Provided material:
----------------
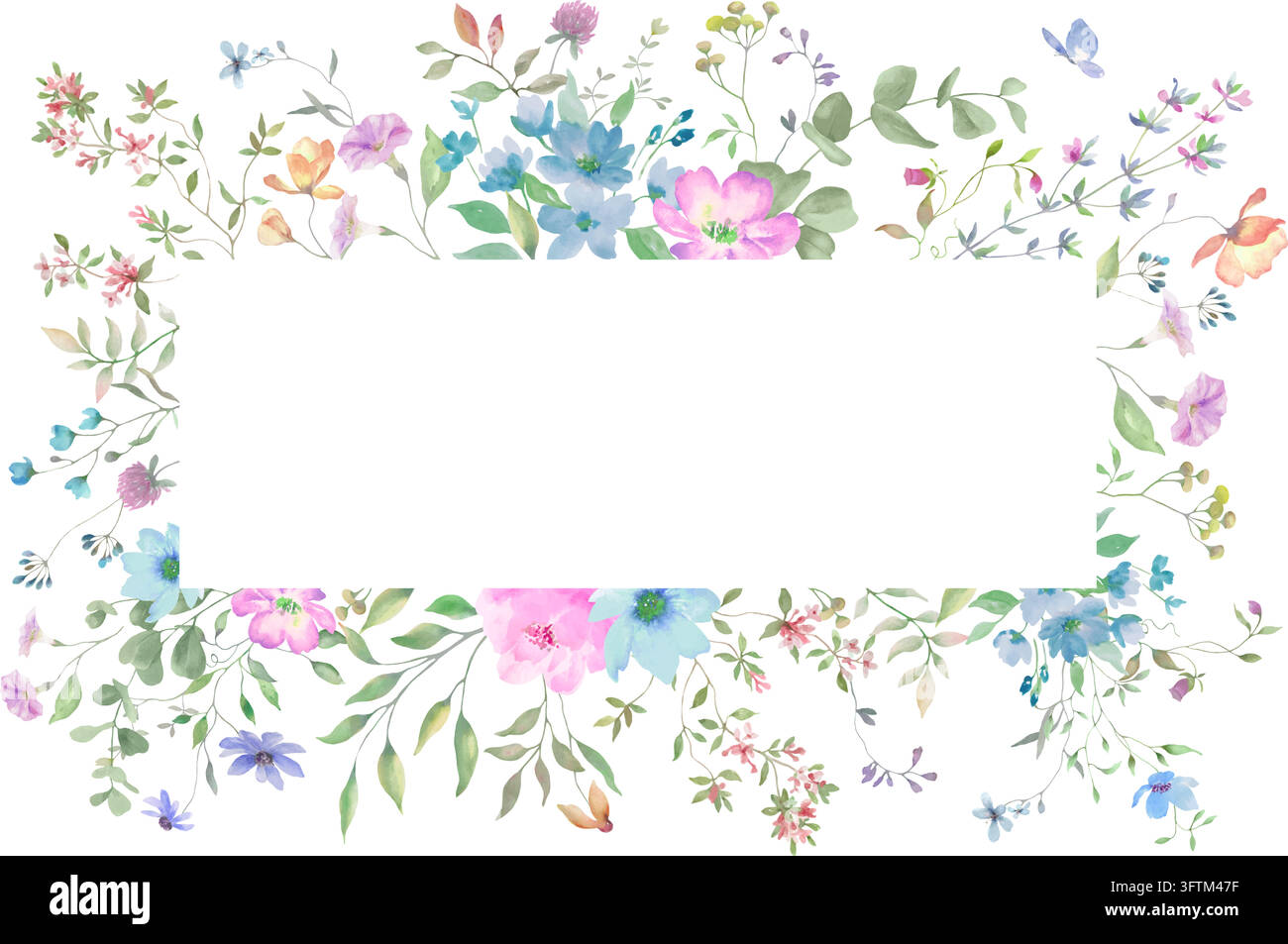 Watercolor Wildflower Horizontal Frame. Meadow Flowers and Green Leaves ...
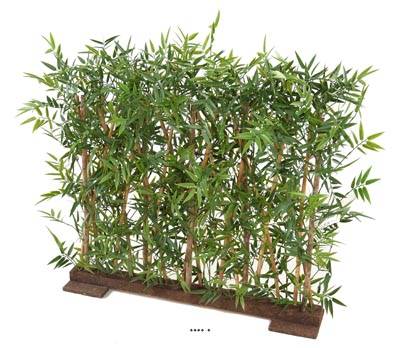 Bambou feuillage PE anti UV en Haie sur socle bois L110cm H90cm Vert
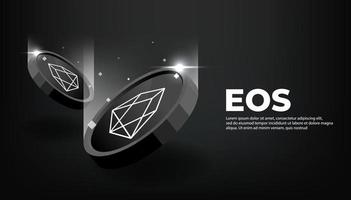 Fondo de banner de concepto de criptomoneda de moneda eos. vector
----------------
Exercise objective:
Pictures are to be left out; the rest of the listing should be printed exactly.

Result of the exercise:
 Watercolor Wildflower Horizontal Frame. Meadow Flowers and Green Leaves ...
 Bambou feuillage PE anti UV en Haie sur socle bois L110cm H90cm Vert
 Fondo de banner de concepto de criptomoneda de moneda eos. vector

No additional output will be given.